だって、こんな職場じゃ、「ヨソ(他社、他部署)では通用しない」。ゆるい職場環境ゆえに成長への不安が喚起され、ヨソで通用しないと考えるようになる。これを「ヨソ通」問題と呼ぼう。
本当に不安型離職が起きているのであれば、会社にとってはなかなか難題である。イマドキの若者は叱ったら萎縮してやる気をなくすよ、って聞いていたから叱らないように気をつけていたのに、叱らないなら叱らないで、ヨソ通問題で不安を感じてしまうというのだ。どうすりゃええねん、という話である。
不安型離職は「増えている」のか?
不安からくるヨソ通問題に真正面から答える前に、2つほど考えておきたいことがある。まず、この記事内でも誤読が起きかねないのは、不安型離職なるものが起きているとして、それが「増えているのか」という点である。

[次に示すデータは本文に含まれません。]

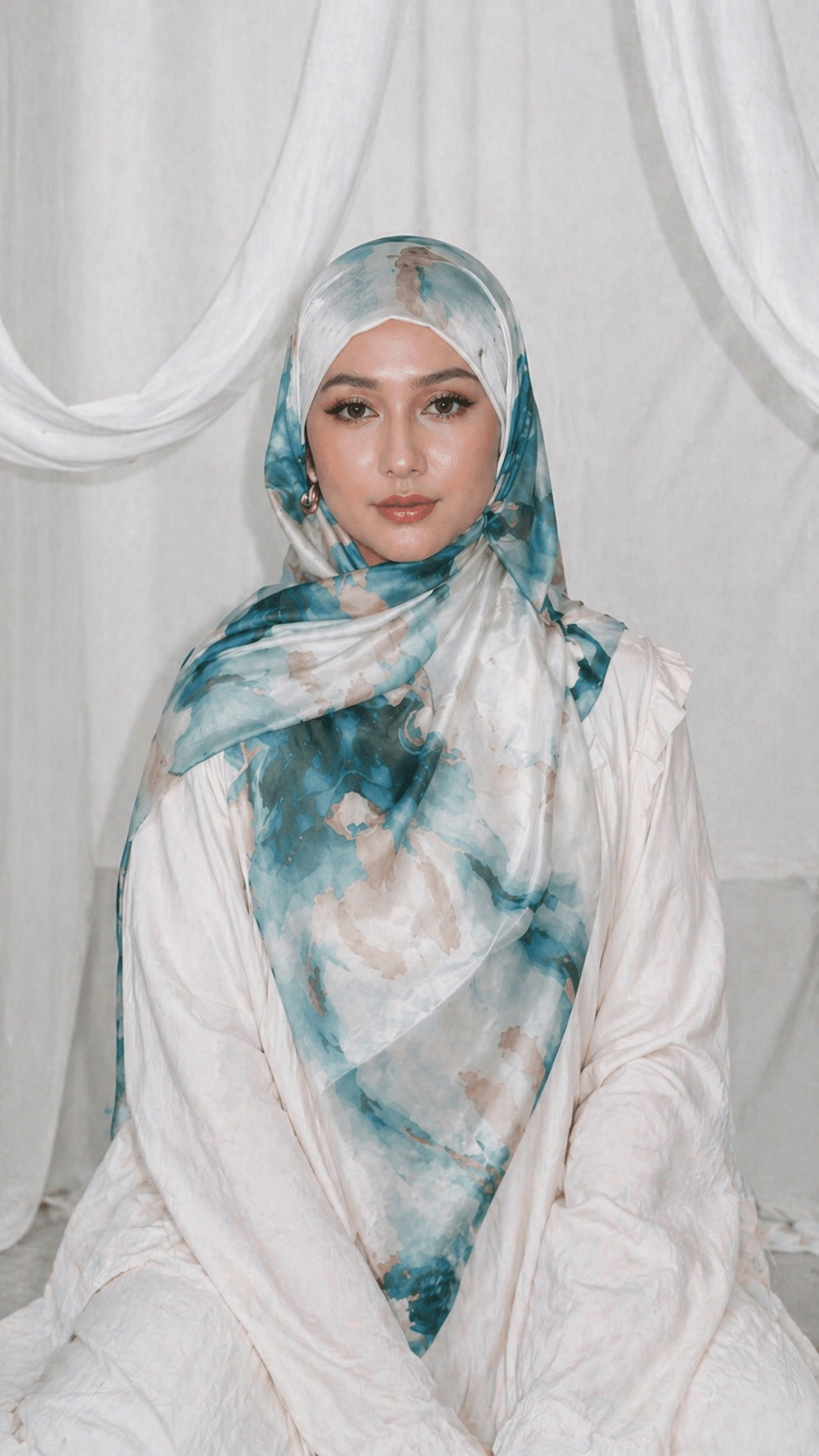 Teal Blue Marble Cloud hijab shawl - view 3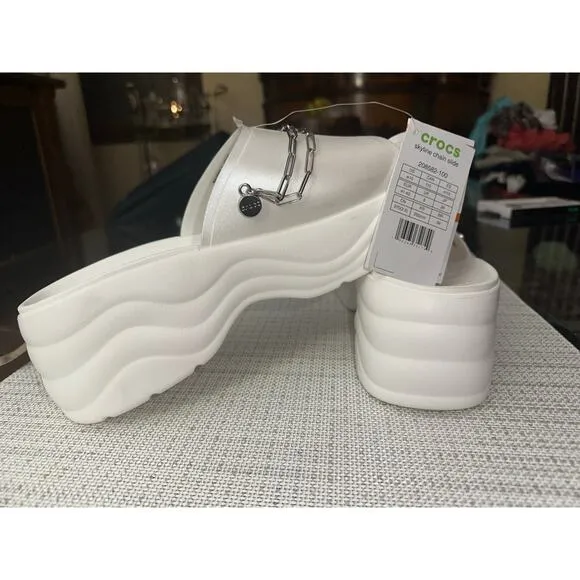 Crocs skyline chain slide size 10 / 9.5 pearl white platform sandals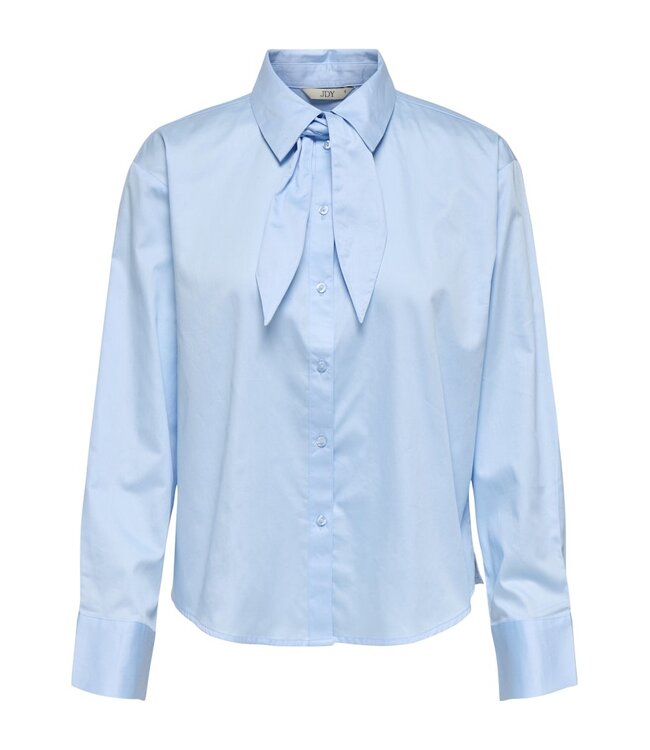 JDY JDYWILLOW Loose L/S Bow Shirt - Cerulean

ここでクイズを出したい。大卒の早期離職率(新卒入社後3年以内に離職する割合)、をご存じだろうか。要は、大卒の新入社員が3年以内に辞める割合、である。答えは「ほぼ3割」だ。ちなみに高卒はもうちょっと高くて、4割前後くらい。
では次の問題。早期離職率は、10~20年の間にどう変化しているだろうか。雇用の流動性の高まりとか、不安型離職といった情報を加味すると、「増えている」と思う人が多いのではないだろうか。
答えは「変わっていない」だ。厚生労働省によると、昭和62年からのざっと30年間で、最小で23.7%、最大で36.6%。「1.5倍」みたいな言い方はできるものの、まあ、ほぼ変わっていない。特筆すべきは、2010年から2020年の11年間は、31.0%から32.8%と、抜群の安定感で推移している。
「コロナ禍元年」の2020年も32.3%で、まだ2年ぶんしかデータのない2021年は2年目までで24.5%。単純計算すると3年目で36.8%くらいなのでここ10年にない高さではあるものの、まあ、たいして変わっていない。コロナ禍並の社会危機をもってしても、そこまで変化がない不思議な指標である。